The Robertson Paper Company Complex was a historic industrial facility on Island Street in Bellows Falls, Vermont. It consisted of a collection of mostly-interconnected factory and related buildings, built between c. 1890 and c. 1960 by various paper-related companies. It was occupied and enlarged by the Robertson Paper Company between 1907 and its failure in 1987, at which time it was the longest-lived paper company in the state. The complex was listed on the National Register of Historic Places in 1990. It was demolished in 2018-19 as a Brownfields Economic Revitalization Alliance (BERA) project, with federal, state, and local funding.

==Description and history==
The former Robertson Paper Company plant was located near the center of the island formed by the Connecticut River to the east and the Bellows Falls Canal to the west. The main factory, an interconnected group of eight structures, was located on the east side of Island Street, with the town's main rail yard to the north and the former Bellows Falls Co-operative Creamery Complex to the east.
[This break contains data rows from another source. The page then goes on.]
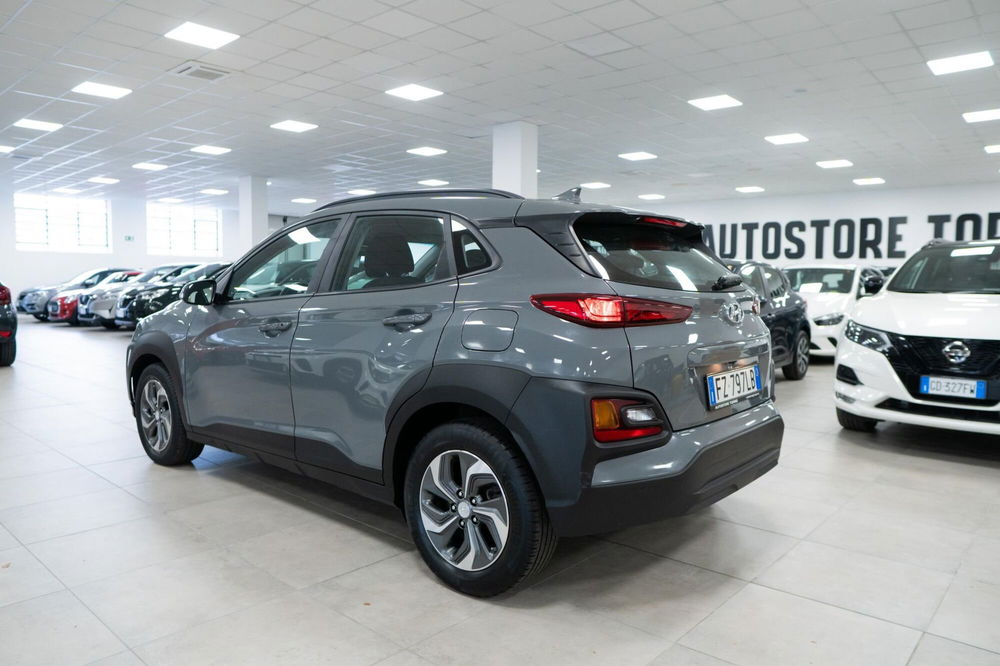 Hyundai Kona usata a Torino (3)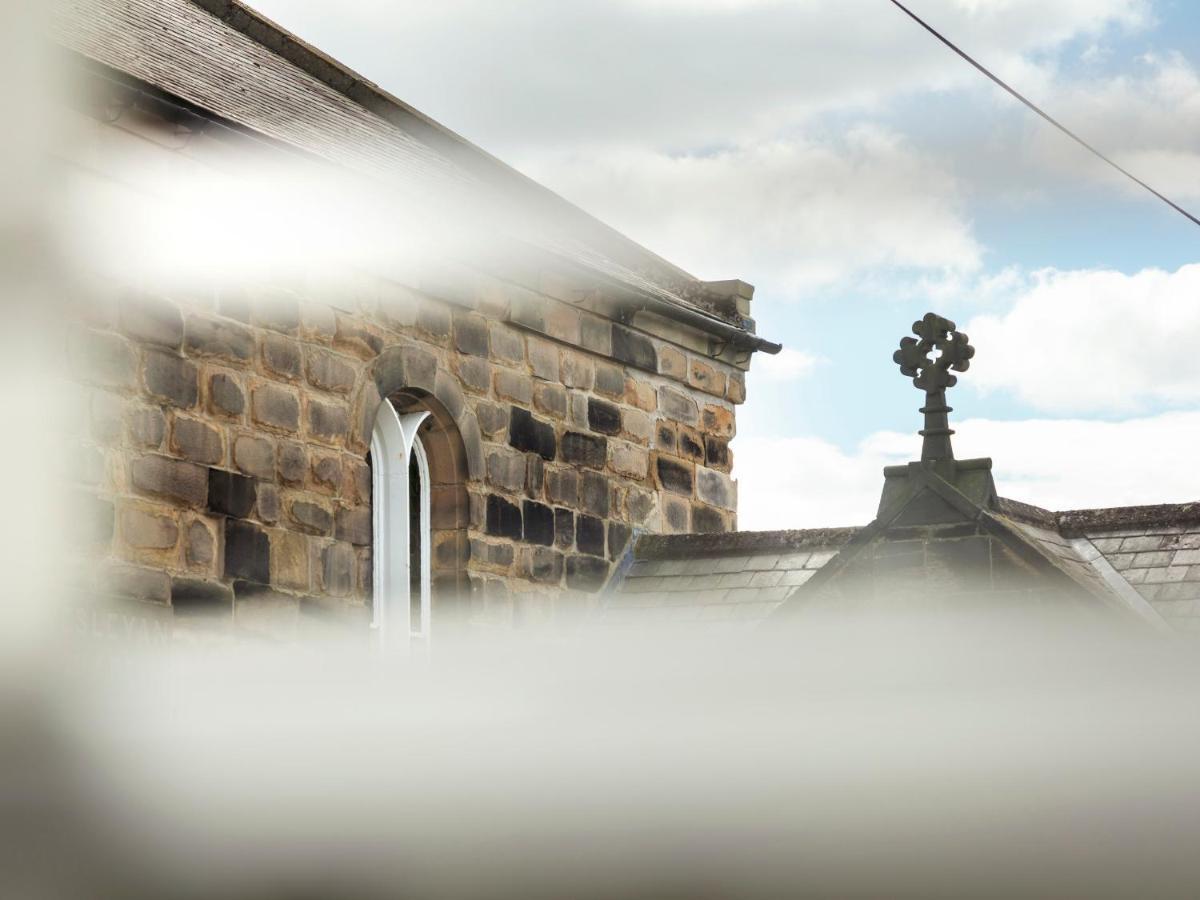1 Wesley Mews Villa Alnwick Bagian luar foto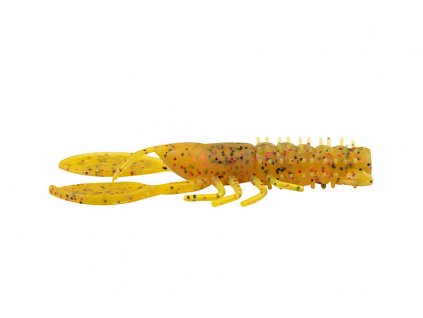 nri016 rage floating creature crayfish 9cm golden glitter uv main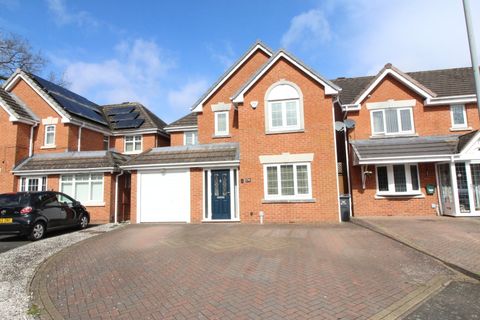 Eaton Wood Drive, Birmingham, West Midlands B26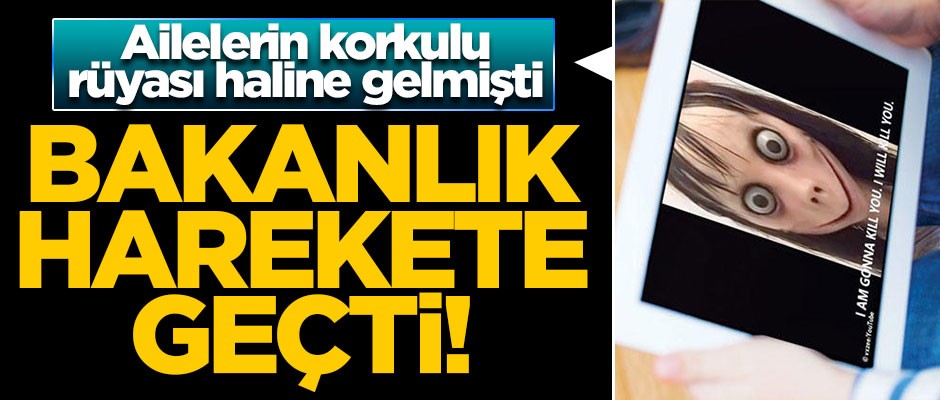 Ailelerin korkulu rüyası haline gelmişti... Bakanlık harekete geçti!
The building had long frontage along Island Street, which slopes downhill toward the rail yard, where a basement story was exposed. This northern section housed the company offices, which were accessed through entrances at the basement level. The southern end of the factory, which sported a monitor roof, was its main manufacturing area. Additional sections extended the building north and east, and included one section housing a freight elevator to bring goods down to the level of the rail yard.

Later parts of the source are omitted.